UNIVERSAL ENGINEERING TESTING v. Israel , 707 So. 2d 900 ( 1998 )


Menu:
  • 707 So. 2d 900 (1998)

    UNIVERSAL ENGINEERING TESTING COMPANY, INC., et al., Petitioners,
    v.
    Deborah ISRAEL, as Trustee of the Israel Children's Trust, Respondent.

    No. 97-3103.

    District Court of Appeal of Florida, Fifth District.

    March 6, 1998.

    *901 Michael L. Gore of Shutts & Bowen LLP, Orlando, for Petitioners.

    Michael R. Levin and Richard S. Geller of Rumberger, Kirk & Caldwell, A Professional Association, Orlando, for Respondent.

    PETERSON, Judge.

    Petitioners, Universal Engineering Testing Company, Inc., ("Universal"), and three stockholders owning 90% of the capital stock of Universal, seek certiorari review of a non-final discovery order allowing respondent, Deborah Israel, as Trustee of the Israel Children's Trust, to review Universal's corporate records. We grant the petition and quash the order allowing discovery.

    Respondent sought review of Universal's corporate records pursuant to section 607.1602, Florida Statutes (1995).[1] The request was denied by Universal on the grounds that she was not a stockholder and that she failed to assert a purpose for the review. Israel responded by filing an action for declaratory judgment determining that she was indeed a stockholder. It is in that action that the trial court ordered production of Universal's tax records and financial statements. The order led to this petition.

    Respondent claimed, first, that she is the Trustee of a trust holding 30% of the capital stock of Universal for the benefit of the successors of her deceased daughter and also for the benefit of her two sons, both of whom are petitioners in this action. She alternatively argued before the trial court that if the documentation establishing the trust naming her as trustee was ineffective to place the stock in trust, she is a five percent stockholder because she is a beneficiary of her daughter's estate. The trial court apparently relied on the latter argument in granting the discovery finding a reasonable likelihood that a showing would be made that respondent owned an interest. The estate, however, is still in probate and no distribution of the stock from the personal representative has taken place.
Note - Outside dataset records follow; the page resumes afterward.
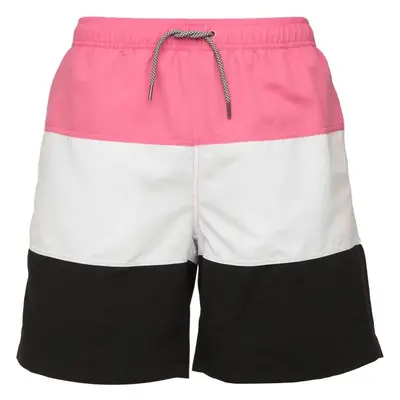 Russell Athletic SHORTS Férfi rövidnadrág, rózsaszín, méret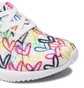 Кросівки жіночі Skechers Starry Love White 117092-WMLT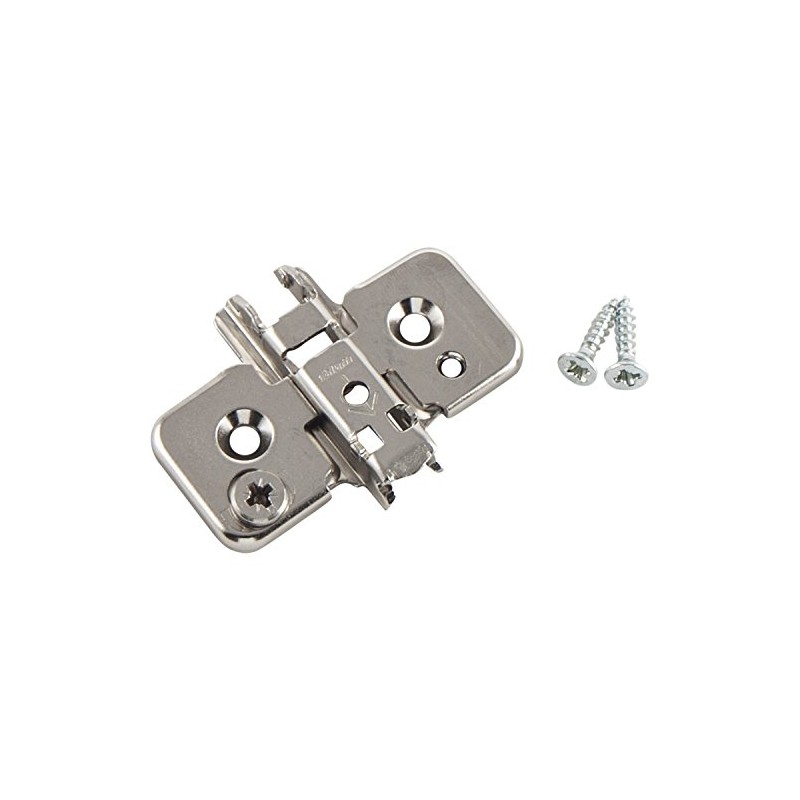 Blum Clip top Blumotion Furniture Hinge Integrated 107 Degree Set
    Review by certiorari is appropriate when a discovery order departs from the essential requirements of law, causing material injury to a petitioner throughout the remainder of the proceedings and effectively leaving no adequate remedy on appeal. Allstate Insurance Co. v. Langston, 655 So. 2d 91, 94 (Fla.1995); see also Martin-Johnson, Inc. v. Savage, 509 So. 2d 1097 (Fla.1987). In the instant case, we find the trial court abused its discretion by requiring disclosure of confidential and proprietary documents before the ultimate issue of respondent's stockholder status and her right to review and inspect those same documents under section 607.1602 has been decided. See Oil Conservationists, Inc. v. Gilbert, 471 So. 2d 650 (Fla. 4th DCA 1985); Picerne Development Corporation of Florida v. Tasca & Rotelli, 635 So. 2d 149 (Fla. 4th DCA 1994) (the court granted a writ of certiorari and quashed a discovery order in a suit for an accounting because the order required production of financial documents which would constitute part of the accounting itself, before a determination was made that a basis for an accounting had been established).
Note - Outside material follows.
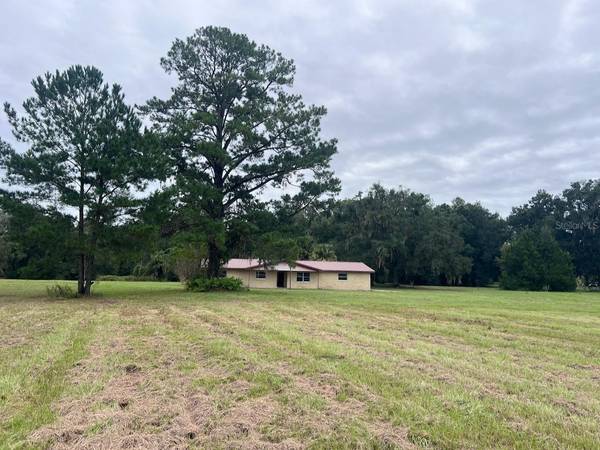 3451 NE 167TH CT, Williston, FL 32696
    *902 Respondent cannot be allowed to bypass the showing required under section 607.1602 to copy financial corporate records by obtaining those documents through the discovery process. We note respondent failed to first show to the court that the requested discovery was necessary to establish ownership or that equivalent information was not available. It would seem appropriate for the trial court to first inspect the requested records in camera to determine their relevance on the question of respondent's shareholder status, before allowing respondent to review them.
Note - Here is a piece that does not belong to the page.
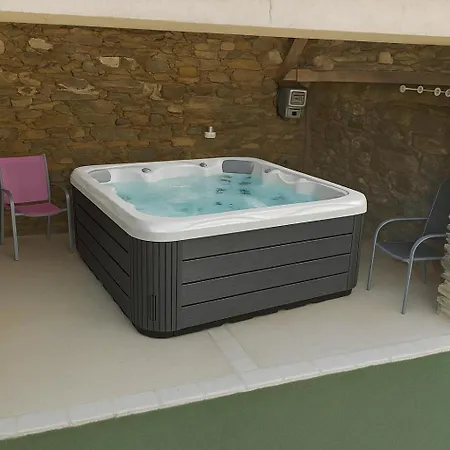 Hébergement de vacances Chez Eugénie *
    We further find that respondent's attempt to rely on her likely inheritance of a portion of her daughter's shares is misplaced. Her daughter's estate is still being administered and no distribution has taken place. Additionally, respondent did not seek disclosure of the corporate records as a potential beneficiary of that estate, but rather in her capacity as trustee of the Israel Children's Trust.

    We quash the discovery order and remand without prejudice to allow the respondent to show that the requested records are relevant and necessary to establish the question of ownership, and if that threshold is passed, to allow the trial court to hold an in camera inspection of the documents to determine their relevance on that issue.

    PETITION GRANTED; ORDER QUASHED.

    W. SHARP, and HARRIS, JJ., concur.

    NOTES

    [1] Section 607.1602, Florida Statutes, allows a shareholder to inspect certain records of a corporation only if the shareholder's demand is made in good faith and for a proper purpose, the shareholder describes the purpose and records with reasonable particularity, and the records requested are directly connected with the shareholder's purpose.